ENTRIES SUPPLIED:

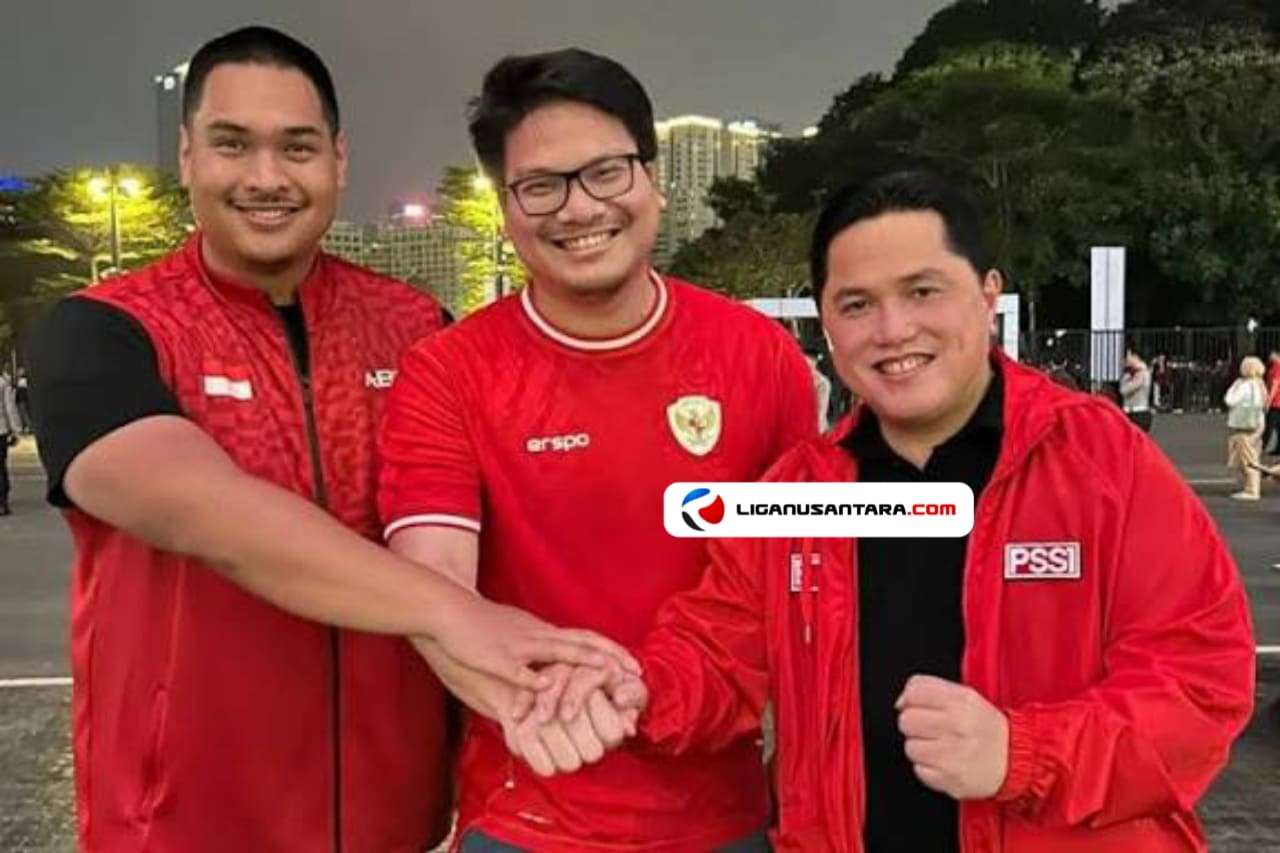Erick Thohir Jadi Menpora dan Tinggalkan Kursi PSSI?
--
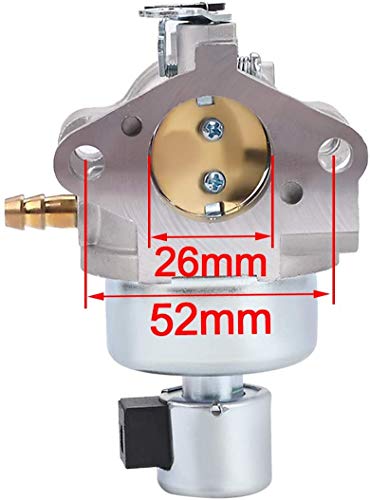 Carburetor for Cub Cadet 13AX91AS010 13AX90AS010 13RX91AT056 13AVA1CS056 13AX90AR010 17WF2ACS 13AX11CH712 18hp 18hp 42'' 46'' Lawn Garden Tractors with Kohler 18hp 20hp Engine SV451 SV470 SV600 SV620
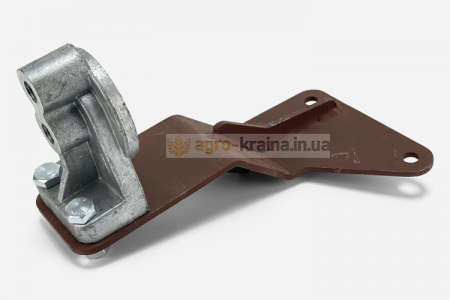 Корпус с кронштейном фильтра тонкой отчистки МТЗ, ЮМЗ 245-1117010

PROBLEM STATEMENT: With the pictures omitted, copy the entries above exactly from the line containing "Carburetor for Cub" through the line containing "Корпус с кронштейном", both lines included.

SOLUTION TO THIS EXERCISE:
 Carburetor for Cub Cadet 13AX91AS010 13AX90AS010 13RX91AT056 13AVA1CS056 13AX90AR010 17WF2ACS 13AX11CH712 18hp 18hp 42'' 46'' Lawn Garden Tractors with Kohler 18hp 20hp Engine SV451 SV470 SV600 SV620
 Корпус с кронштейном фильтра тонкой отчистки МТЗ, ЮМЗ 245-1117010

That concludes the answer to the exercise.